== Data to examine ==

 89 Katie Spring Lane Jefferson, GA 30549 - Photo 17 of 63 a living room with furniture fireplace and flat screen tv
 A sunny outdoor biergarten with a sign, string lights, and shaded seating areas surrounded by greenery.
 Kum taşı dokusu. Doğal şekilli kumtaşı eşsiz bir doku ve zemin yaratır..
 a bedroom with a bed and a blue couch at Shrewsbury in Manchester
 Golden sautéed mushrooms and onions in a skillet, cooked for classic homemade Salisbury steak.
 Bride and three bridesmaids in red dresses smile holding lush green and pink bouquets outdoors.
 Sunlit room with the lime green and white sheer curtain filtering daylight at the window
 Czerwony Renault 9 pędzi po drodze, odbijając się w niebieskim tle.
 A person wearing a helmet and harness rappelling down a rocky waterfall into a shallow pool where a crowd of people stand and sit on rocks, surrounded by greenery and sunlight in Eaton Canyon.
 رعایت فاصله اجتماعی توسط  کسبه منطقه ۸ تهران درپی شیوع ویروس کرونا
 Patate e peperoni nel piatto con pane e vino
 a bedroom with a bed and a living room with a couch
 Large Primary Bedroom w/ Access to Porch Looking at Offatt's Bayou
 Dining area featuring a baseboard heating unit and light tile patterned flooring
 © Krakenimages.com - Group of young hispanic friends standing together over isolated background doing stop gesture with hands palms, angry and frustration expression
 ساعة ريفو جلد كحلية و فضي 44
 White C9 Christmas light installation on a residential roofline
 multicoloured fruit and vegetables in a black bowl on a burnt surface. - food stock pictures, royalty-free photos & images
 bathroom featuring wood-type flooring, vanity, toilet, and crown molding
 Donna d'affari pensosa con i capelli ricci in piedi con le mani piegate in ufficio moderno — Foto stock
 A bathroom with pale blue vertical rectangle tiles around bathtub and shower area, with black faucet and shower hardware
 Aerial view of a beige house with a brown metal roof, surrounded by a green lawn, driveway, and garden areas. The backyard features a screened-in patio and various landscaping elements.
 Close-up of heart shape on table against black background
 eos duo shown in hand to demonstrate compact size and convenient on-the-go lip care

== What the exercise asks ==
Please give again, word for word, only the lines from the one holding "Close-up of heart" through the end of the listing above.

== Response to this task ==
 Close-up of heart shape on table against black background
 eos duo shown in hand to demonstrate compact size and convenient on-the-go lip care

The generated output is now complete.